Not quite through with the Pacific Coast Highway yet, we drove another 4 miles to reach the Point Lobos State Natural Preserve on the north end of the Big Sur. Often called the “crown jewel” of the California State Parks system, it has it all — amazing Pacific Ocean vistas, rugged and rocky shores, blue lagoons, majestic land and sea wildlife, and miles of trails. It even has docent-led nature walks that we wholeheartedly recommend.

While the Pacific Coast Highway runs all the way to Dana Point, 60 miles south of Los Angeles, time constraints and a temporary road closure due to a landslide in the Big Sur caused us to say goodbye to this incredible stretch of asphalt for the time being. We will be back.

Before You Go:

Getting There:

  • Major airlines serve San Francisco International Airport (SFO). Other nearby choices are San Jose (SJC) and Oakland International (OAK).
  • Amtrak operates frequent north and south service the length of California, stopping at many of the locations mentioned here. Oakland is also served by the California Zephyr from Chicago and the Coast Starlight from Seattle and Los Angeles.
  • Driving the Pacific Coast Highway and exploring nearby attractions requires a car.
  • The best choice for a cruise port is San Francisco.
The Big Trees and Roaring Camp Railroad offers a delightful way to see California redwoods in the Santa Cruz Mountains.

Must-Sees for a Short Trip:

  • Muir Woods National Monument
  • San Francisco
  • Santa Cruz
  • The Monterey Peninsula
  • Point Lobos State Natural Preserve

If You Have Several Extra Days:

  • Take at least a day to explore wine country in Sonoma and Napa counties.
  • More of the Pacific Coast Highway south from Point Lobos. Be sure to catch Hearst Castle at San Simeon, the home of William Randolph Hearst. Alternatively, continue north from Jenner toward Mendocino, Fort Bragg and the Oregon border.

Ginny O’s Tips for Dressing the Simply Smart Travel Way for Exploring CA 1:

Dress comfortably for walking and exploring towns and roadside attractions, but bring a jacket or other dress-up accessories since you might want to dine in an upscale restaurant along the way.  

This Destination at a Glance:

Over 50 Advantage: Self-paced touring through gorgeous scenery.

Mobility Level: Low, with the minimum agility required getting in and out of a car and walking short distances. Some optional hikes can be strenuous.

When to Go: Any time. The California coastal climate is relatively mild year-round but winters are often rainy.

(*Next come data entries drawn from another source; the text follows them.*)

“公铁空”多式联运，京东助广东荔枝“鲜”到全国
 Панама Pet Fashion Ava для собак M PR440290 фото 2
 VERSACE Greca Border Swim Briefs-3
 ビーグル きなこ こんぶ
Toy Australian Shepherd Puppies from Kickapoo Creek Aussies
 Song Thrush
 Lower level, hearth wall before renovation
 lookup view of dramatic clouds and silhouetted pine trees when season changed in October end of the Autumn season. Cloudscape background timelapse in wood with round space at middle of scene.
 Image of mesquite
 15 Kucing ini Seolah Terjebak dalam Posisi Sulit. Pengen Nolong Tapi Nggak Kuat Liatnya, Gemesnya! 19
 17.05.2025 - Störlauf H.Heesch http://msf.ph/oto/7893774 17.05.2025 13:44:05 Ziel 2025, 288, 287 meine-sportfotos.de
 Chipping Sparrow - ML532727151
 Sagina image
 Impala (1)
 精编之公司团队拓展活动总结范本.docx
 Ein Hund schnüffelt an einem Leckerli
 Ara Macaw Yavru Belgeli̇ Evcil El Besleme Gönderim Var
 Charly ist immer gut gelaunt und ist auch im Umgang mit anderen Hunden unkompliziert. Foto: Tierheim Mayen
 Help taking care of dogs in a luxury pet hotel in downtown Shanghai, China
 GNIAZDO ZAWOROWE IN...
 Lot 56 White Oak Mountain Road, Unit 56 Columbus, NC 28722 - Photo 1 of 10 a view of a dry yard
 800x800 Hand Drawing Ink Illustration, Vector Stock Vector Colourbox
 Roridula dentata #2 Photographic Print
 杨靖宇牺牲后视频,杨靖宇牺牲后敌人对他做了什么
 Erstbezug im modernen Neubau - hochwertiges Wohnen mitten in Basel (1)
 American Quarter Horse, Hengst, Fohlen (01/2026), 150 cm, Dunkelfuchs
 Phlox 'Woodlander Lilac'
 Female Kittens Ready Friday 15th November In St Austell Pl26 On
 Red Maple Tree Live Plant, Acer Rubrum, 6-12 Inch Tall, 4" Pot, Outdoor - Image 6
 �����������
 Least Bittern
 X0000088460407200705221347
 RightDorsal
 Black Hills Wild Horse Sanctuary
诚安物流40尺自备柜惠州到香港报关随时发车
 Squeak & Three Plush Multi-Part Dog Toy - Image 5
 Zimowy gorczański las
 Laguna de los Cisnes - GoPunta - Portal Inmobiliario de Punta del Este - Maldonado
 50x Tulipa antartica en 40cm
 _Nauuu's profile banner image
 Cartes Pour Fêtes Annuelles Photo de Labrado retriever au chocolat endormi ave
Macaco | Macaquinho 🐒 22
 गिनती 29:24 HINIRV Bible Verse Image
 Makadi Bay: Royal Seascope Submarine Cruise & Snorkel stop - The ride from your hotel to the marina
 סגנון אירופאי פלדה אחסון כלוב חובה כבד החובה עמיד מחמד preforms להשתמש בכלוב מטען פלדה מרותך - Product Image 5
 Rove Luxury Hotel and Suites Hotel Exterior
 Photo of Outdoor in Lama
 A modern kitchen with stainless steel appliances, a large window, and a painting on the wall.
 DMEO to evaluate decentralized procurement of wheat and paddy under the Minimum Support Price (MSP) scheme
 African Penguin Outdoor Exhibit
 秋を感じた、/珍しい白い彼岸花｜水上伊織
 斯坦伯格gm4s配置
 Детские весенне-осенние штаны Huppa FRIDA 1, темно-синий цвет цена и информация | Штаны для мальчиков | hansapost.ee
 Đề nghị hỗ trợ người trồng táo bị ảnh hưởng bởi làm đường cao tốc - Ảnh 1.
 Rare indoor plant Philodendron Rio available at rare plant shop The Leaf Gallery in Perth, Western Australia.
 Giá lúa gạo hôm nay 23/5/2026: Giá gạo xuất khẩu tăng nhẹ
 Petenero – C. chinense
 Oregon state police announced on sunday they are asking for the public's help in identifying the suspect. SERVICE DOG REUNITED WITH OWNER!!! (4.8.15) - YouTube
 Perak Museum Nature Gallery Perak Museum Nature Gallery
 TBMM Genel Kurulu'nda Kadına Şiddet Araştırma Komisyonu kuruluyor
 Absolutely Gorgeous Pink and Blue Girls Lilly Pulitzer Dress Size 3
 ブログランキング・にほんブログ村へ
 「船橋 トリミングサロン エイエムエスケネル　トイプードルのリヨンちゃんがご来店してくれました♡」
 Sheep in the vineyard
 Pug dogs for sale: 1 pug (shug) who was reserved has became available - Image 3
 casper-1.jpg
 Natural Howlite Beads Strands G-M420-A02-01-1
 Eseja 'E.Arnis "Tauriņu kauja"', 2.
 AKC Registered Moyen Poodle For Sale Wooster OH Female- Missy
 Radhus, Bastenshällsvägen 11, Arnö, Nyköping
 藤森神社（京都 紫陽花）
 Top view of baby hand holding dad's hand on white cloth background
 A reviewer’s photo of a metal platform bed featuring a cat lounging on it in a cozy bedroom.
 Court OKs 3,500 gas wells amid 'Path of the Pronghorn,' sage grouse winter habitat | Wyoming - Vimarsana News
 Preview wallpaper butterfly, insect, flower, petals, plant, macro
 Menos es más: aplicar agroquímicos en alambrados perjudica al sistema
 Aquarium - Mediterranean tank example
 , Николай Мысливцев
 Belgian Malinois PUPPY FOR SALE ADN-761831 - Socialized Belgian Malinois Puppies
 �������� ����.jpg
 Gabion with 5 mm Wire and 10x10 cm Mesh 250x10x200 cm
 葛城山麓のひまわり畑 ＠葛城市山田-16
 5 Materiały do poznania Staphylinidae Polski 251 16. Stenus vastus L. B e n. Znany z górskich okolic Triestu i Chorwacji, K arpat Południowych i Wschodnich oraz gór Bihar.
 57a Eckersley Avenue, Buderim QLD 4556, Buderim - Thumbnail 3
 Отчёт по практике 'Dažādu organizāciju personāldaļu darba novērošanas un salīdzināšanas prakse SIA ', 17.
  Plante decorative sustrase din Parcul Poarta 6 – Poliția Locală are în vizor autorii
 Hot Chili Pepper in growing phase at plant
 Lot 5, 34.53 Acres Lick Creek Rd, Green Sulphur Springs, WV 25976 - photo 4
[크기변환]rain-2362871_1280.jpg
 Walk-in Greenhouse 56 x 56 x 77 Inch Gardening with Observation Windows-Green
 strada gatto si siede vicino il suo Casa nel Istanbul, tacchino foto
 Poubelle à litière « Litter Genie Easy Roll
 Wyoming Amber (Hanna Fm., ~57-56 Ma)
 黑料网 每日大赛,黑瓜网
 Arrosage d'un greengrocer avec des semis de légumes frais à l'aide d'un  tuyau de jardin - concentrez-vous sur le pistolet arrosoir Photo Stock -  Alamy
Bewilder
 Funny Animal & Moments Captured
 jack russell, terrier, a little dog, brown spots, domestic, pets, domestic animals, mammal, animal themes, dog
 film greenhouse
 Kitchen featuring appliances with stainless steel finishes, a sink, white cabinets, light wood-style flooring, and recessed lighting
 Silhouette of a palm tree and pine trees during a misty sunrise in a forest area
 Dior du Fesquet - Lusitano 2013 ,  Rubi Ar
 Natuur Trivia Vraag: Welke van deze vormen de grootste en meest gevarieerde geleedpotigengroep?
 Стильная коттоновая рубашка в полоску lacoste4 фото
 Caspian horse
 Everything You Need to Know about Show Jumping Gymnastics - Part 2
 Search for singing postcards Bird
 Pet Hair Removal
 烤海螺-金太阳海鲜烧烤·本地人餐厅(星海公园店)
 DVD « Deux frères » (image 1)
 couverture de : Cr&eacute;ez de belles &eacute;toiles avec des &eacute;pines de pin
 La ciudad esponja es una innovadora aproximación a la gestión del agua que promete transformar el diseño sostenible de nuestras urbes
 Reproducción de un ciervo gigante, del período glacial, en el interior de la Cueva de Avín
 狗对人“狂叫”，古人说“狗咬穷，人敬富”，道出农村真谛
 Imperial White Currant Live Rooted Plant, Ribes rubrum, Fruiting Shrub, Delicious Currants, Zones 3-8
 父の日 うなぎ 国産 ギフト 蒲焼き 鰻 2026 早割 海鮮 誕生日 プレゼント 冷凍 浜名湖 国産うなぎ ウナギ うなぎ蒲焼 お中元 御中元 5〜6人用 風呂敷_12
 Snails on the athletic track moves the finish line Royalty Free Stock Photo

Where to Stay: Many choices are available along the highway, ranging from campgrounds to luxury hotels.  

Special Travel Interests: Nature, photography, wine.  

There are impressive coastal vistas from the paths in Point Lobos. | Photos by Jeffrey Orenstein

Jews Along California Highway 1

Jews and Jewish life can be found all along portions of California Highway 1. Jewish congregations, kosher food and wine, and Jewish institutions are scattered throughout the state, and this region is no exception.

Starting in wine country, there has been a Jewish presence since the California gold rush. Both Napa and Sonoma have significant Jewish communities with several congregations and some Jewish institutions. Despite some historic bouts of anti-Semitism, quite a few Jews reside there today and are important members of the local wine and tourism economy.    

Not surprisingly, the epicenter of Jewish life is in San Francisco and Oakland, the region’s biggest cities. The almost 100,000 Jews living in the area are fully involved in public life, education and business. Congregations representing all varieties of Judaism and Jewish institutions are easy to find on both sides of San Francisco Bay.

While not many early Bay-area Jews were miners, they established businesses that catered to those seeking gold. Levi Strauss, who sold overalls to those hoping to strike it rich, was one of the area’s most famous early residents. The University of California-Berkeley also has a large Judaic studies program.

In Santa Cruz, Jewish history dates to the 1850s. The local Jewish cemetery, Home of Peace Cemetery, started in 1877, and may be the oldest continuously operated Jewish gravesite west of the Mississippi River. There are about 7,000 Jews in the area and many are affiliated with the University of California-Santa Cruz.

In the Monterey Peninsula, there are Jewish communities and congregations in Monterey and Carmel.